» Exercise directions
Without changing a word, repeat the data, and include no pictures.

» Supplied data
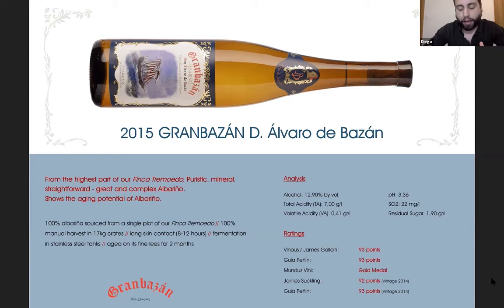Global warming is changing the picture. Fifteen years ago, harvest in Rías Baixas was in October; now it starts in the second week of September. Alcohol levels are moving from around 12% to 13.5% and above. The 2015 vintage gave extremely healthy, slightly warm-ripened grapes with 13% alcohol and a lot of acidity, which is very present in the wine. For me, this is a very good moment to taste it, and it opens the whole discussion about Albariño's aging potential.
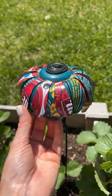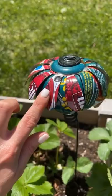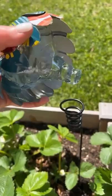Today I want to share this super cute hummingbird feeder that I got from Happy Gardens. It has upcycled cans all around it, as well as hand-blown glass underneath and sets on this adorable little stem.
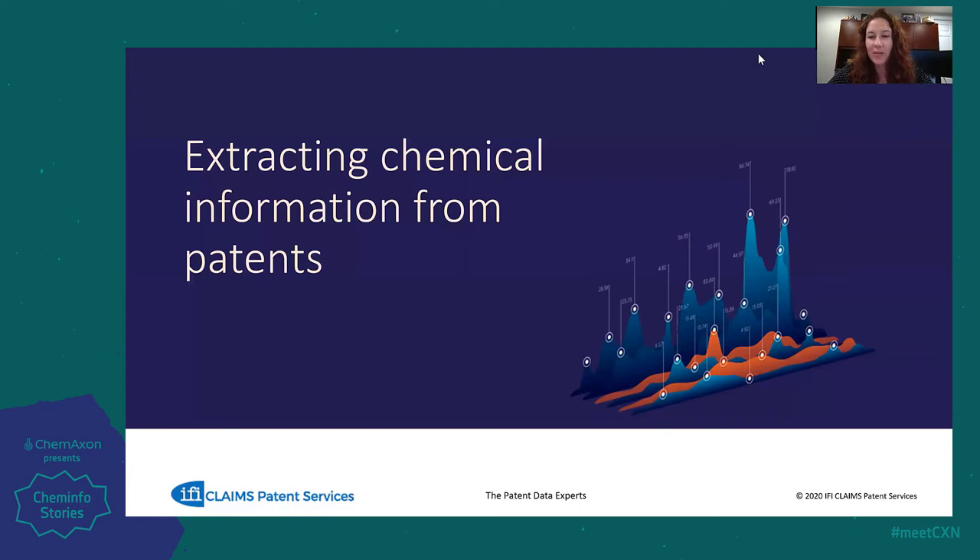Hello, everyone, and welcome to the IFI Claims partner presentation. I want to start by thanking ChemAxon for inviting IFI to be part of the virtual users group meeting this year. We're excited to be here. My name is Jess Baycroft and I am a regional account manager for IFI Claims Patent Services, based out of New Haven, Connecticut. I'm going to be talking about extracting chemical information specifically from patent documents.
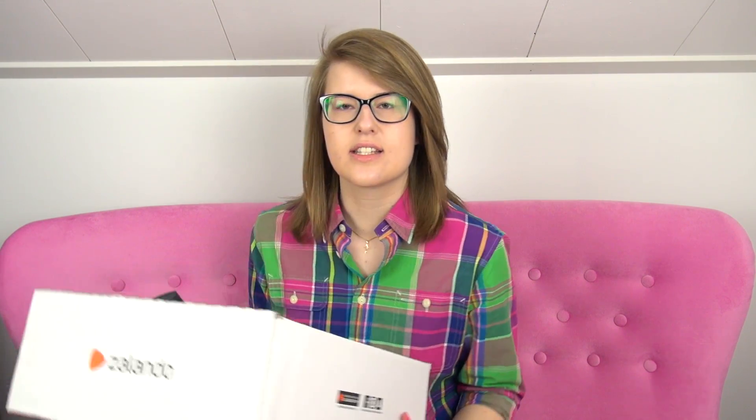Because it's getting warmer and it's spring, I wanted to pick up some lighter garments. So I decided to go to my very favorite online clothing store, which is Zalando.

» Response to the exercise
Global warming is changing the picture. Fifteen years ago, harvest in Rías Baixas was in October; now it starts in the second week of September. Alcohol levels are moving from around 12% to 13.5% and above. The 2015 vintage gave extremely healthy, slightly warm-ripened grapes with 13% alcohol and a lot of acidity, which is very present in the wine. For me, this is a very good moment to taste it, and it opens the whole discussion about Albariño's aging potential.
Today I want to share this super cute hummingbird feeder that I got from Happy Gardens. It has upcycled cans all around it, as well as hand-blown glass underneath and sets on this adorable little stem.
Hello, everyone, and welcome to the IFI Claims partner presentation. I want to start by thanking ChemAxon for inviting IFI to be part of the virtual users group meeting this year. We're excited to be here. My name is Jess Baycroft and I am a regional account manager for IFI Claims Patent Services, based out of New Haven, Connecticut. I'm going to be talking about extracting chemical information specifically from patent documents.
Because it's getting warmer and it's spring, I wanted to pick up some lighter garments. So I decided to go to my very favorite online clothing store, which is Zalando.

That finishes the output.